With pictures left out, extract every line between the start of the records below and the line holding "Fender 099-0820-026 Cable", inclusive.
######
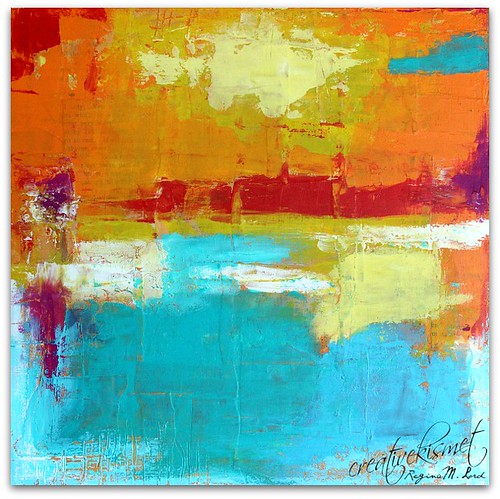 abstract painting by Regina Lord
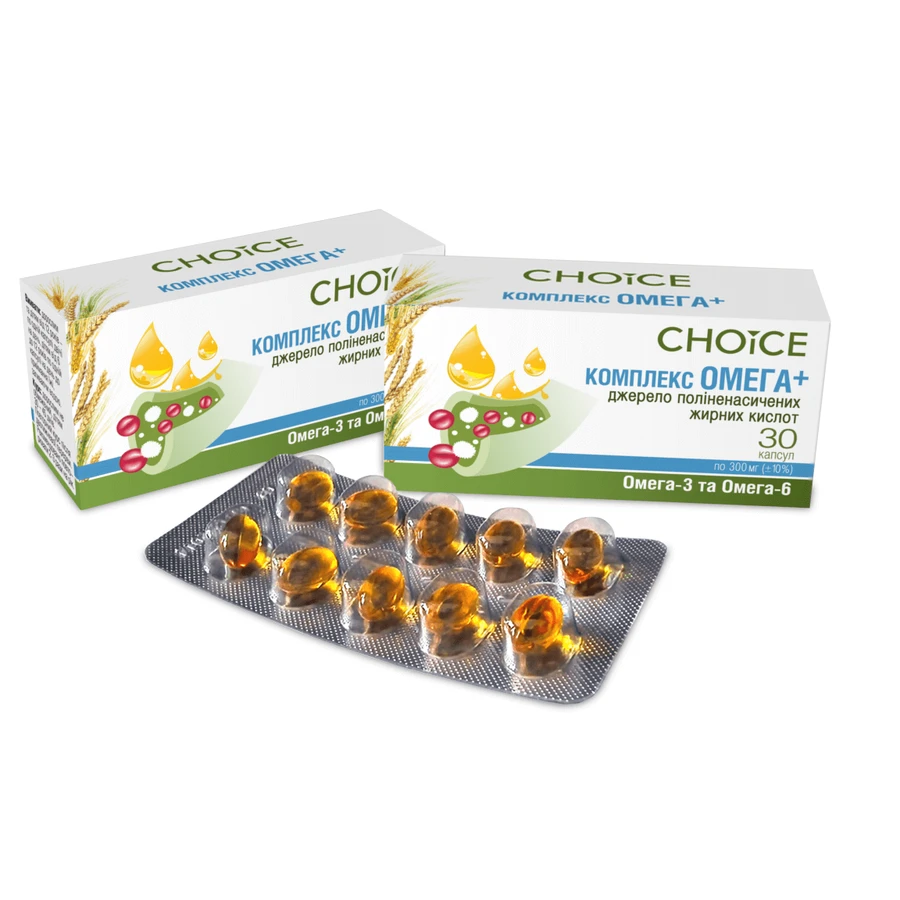 Комплекс Choice Phyto Омега+ 30 капсул: цены и характеристики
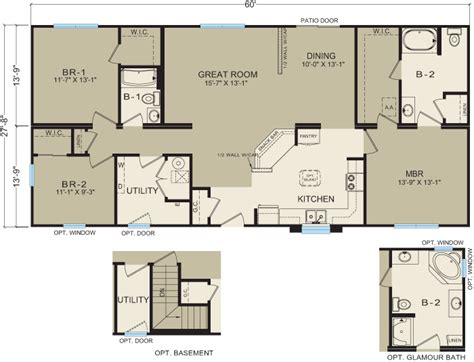 Michigan Modular Home Floor Plan 3621 Like Floor Plans Modular Home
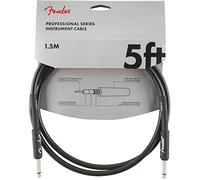 Fender 099-0820-026 Cable de instrumentos de la serie profesional - 5 pies - STR / STR - negro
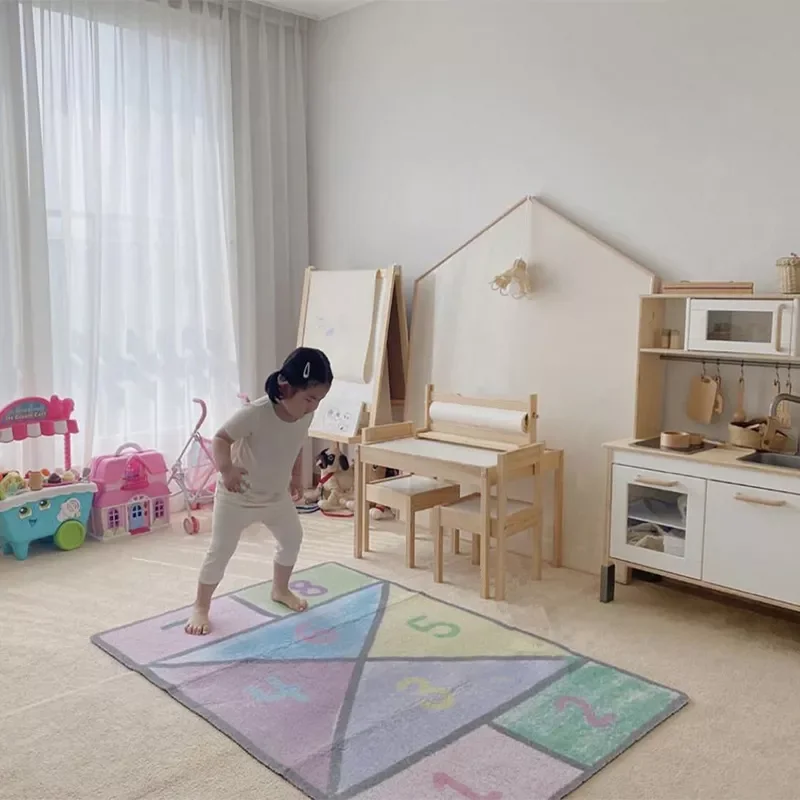 

Красочные фотообои для живой комнаты, современный декор, ковер для спальни, нескользящий мягкий напольный ковер для дома, детской комнаты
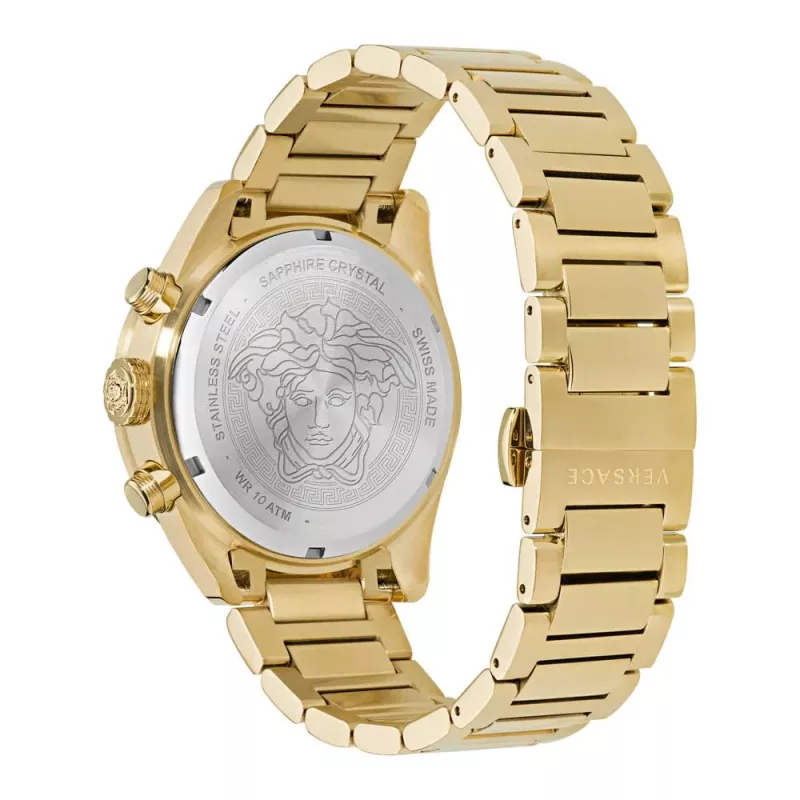 Versace Man Watch VE6K00523 43mm Swiss Quartz χρονογράφος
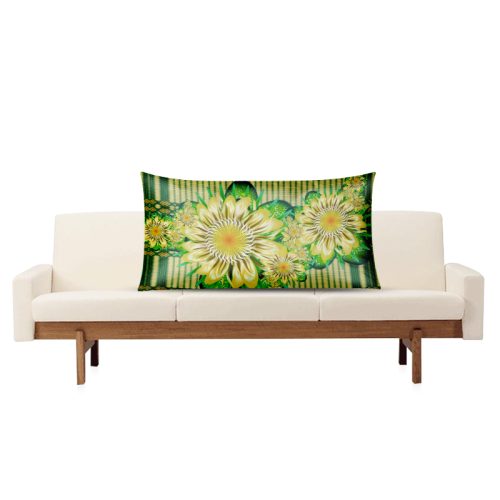 Realism beautiful flower pattern Rectangle Pillow Case 20"x36"(Twin Sides)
######
§ Task response:
 abstract painting by Regina Lord
 Комплекс Choice Phyto Омега+ 30 капсул: цены и характеристики
 Michigan Modular Home Floor Plan 3621 Like Floor Plans Modular Home
 Fender 099-0820-026 Cable de instrumentos de la serie profesional - 5 pies - STR / STR - negro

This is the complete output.